The Kyiv Patriarchate is in the process of receiving “autocephaly” – a term roughly meaning autonomy – from the Ecumenical Council of Constantinople in Istanbul, and it is expected to receive it. This would essentially make the Ukrainian Orthodox Church an internationally recognized independent Orthodox Church.
In the Rossiya 24 interview, Hilarion condemned proposed legislation to rename the Ukrainian Orthodox Church-Moscow Patriarchate the “Russian Church in Ukraine,” comparing it to the action of Nazis.
The proposal is genuine indeed. Kyiv Patriarch Filaret has spoken about the idea of renaming the Moscow-linked church in a TV interview. Polygraph.info reached out to the Ukrainian Orthodox Church-Kyiv Patriarchate, which responded with one of Filaret’s statements on the topic, in which he confirmed that actual legislation on the matter had been proposed.
“It is quite important that the Verkhovna Rada (Ukrainian parliament) has adopted the law on the name of the Church – the project’s draft number is 5309,” the Patriarch said in an interview whose transcript was published on the Kyiv Patriarchate’s official website.
Filaret went on to explain that once the Tomos of Autocephaly (official announcement) for the Ukrainian Orthodox Church is obtained, it does not make sense to have two “Ukrainian Orthodox Churches” in Ukraine. He went on to say that as the Moscow Patriarchate is under the authority of the Patriarch of the Russian Orthodox Church, it would be entirely accurate give it a title which reflects its foreign affiliation.
Hilarion and other representatives of the Russian Orthodox Church and its Ukrainian branch have argued that such actions would alienate believers who belong to the Moscow Patriarchate Church in Ukraine.
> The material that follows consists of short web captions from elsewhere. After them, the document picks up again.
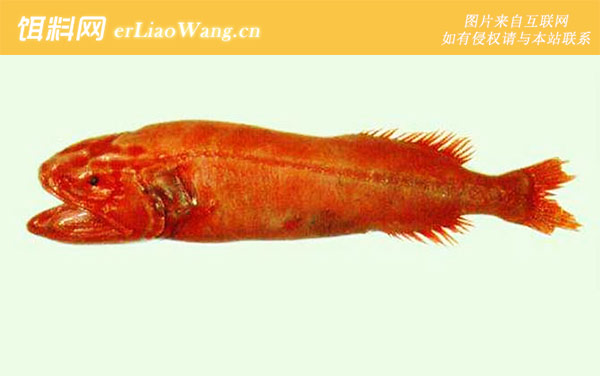 稚鳕科:红口仿鲸科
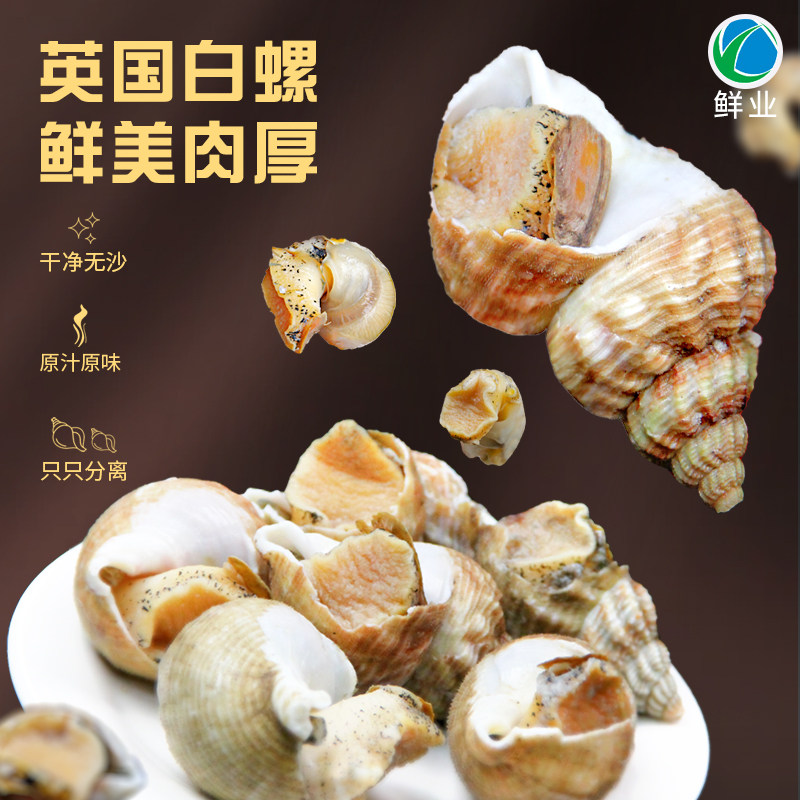 新鲜熟冻英国白螺全肥北峨螺翡翠螺海螺干净无沙大个货多量大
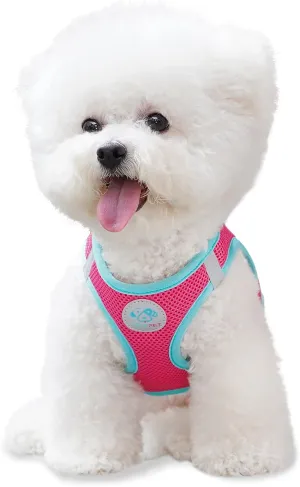 PHOEPET Step-in Dog Harness,Reflective Adjustable Dog Vest Harness, Soft Pet Walking Jacket with 2 Metal Leash Hooks for Dog and Cat(Pink Base & Green Straps,XL)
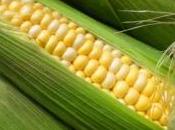 maïs MON810 présenterait aucun risque pour santé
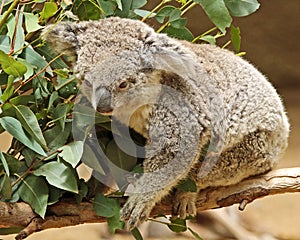 Australian Koala Phascolarctidae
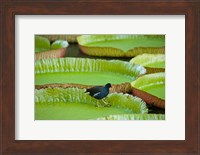 Bird on a water lily leaf, Mauritius Fine Art Print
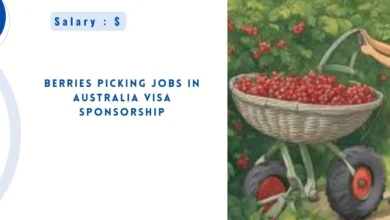 Berries Picking Jobs in Australia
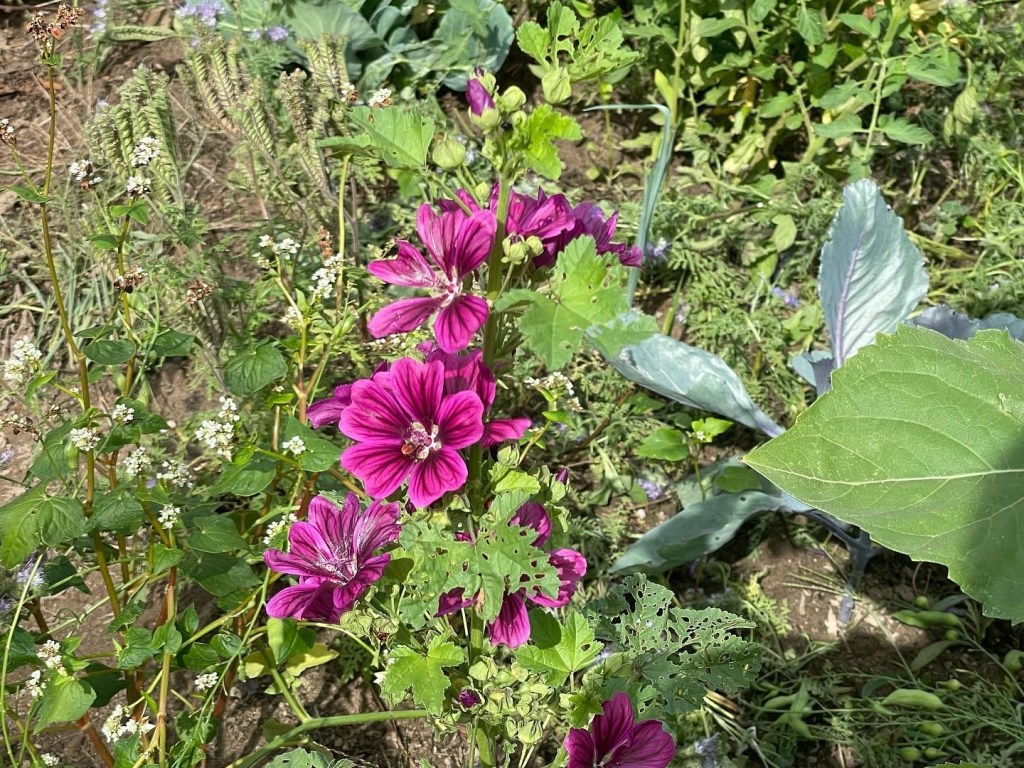 Herbst im Naturgarten
Kerstin Dähne
Malve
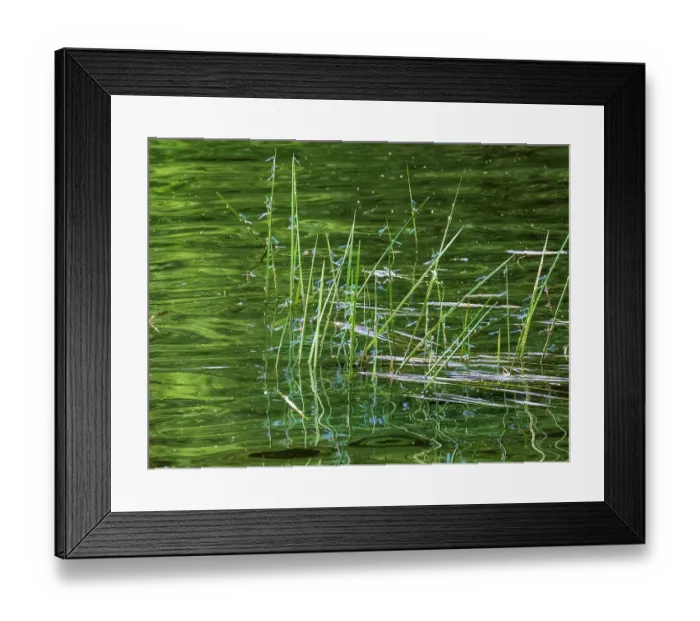 Framed Print : Common blue damselflies (Enallagma cyathigerum) emerging at edge of lake, Swithland Reservoir, Leicestershire, UK. June Framed Print : Common blue damselflies (Enallagma cyathigerum) emerging at edge of lake, Swithland Reservoir, Leicestershire, UK. June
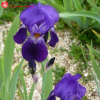 Ирис германский (Iris germanica) Джоанна С3 ГлХ/23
In his interview with The Church and the World, Hilarion likened renaming the church to the Nazis’ practice of making Jews wear yellow stars to identify themselves.
However, in an interview with Tatiana Vorozhko of Voice of America’s Ukrainian Service, Kyiv Patriarch Filaret specifically addressed such concerns about the future of the Russian church in Ukraine, denouncing religious conflict and violence.
“Religious struggle is an occasion for Putin to interfere in internal Ukrainian affairs — that is, to protect the [Russian] Orthodox Church,” he said.
“We do not, on the contrary, want this process of association to be linked to violence; if they (members of the Moscow Patriarchate) do not want to go to the Ukrainian Church, let them stay in the Russian Church.”
While the affairs of the Church in Ukraine have led to some protests and incidents, the situation is nowhere near as volatile as Russian state media have portrayed it.
A 2018 report by the Office of the United Nations High Commissioner for Human Rights found that in the larger portion of Ukraine controlled by the country’s government, there were only six recorded attacks against Moscow Patriarchate churches between May 16 and August 15, 2018. These attacks were acts of vandalism, and the report noted that criminal cases had been opened involving two of the incidents.
According to the UN report, most of the violations of freedom of religion have taken place in parts of eastern Ukraine that are under Russian control.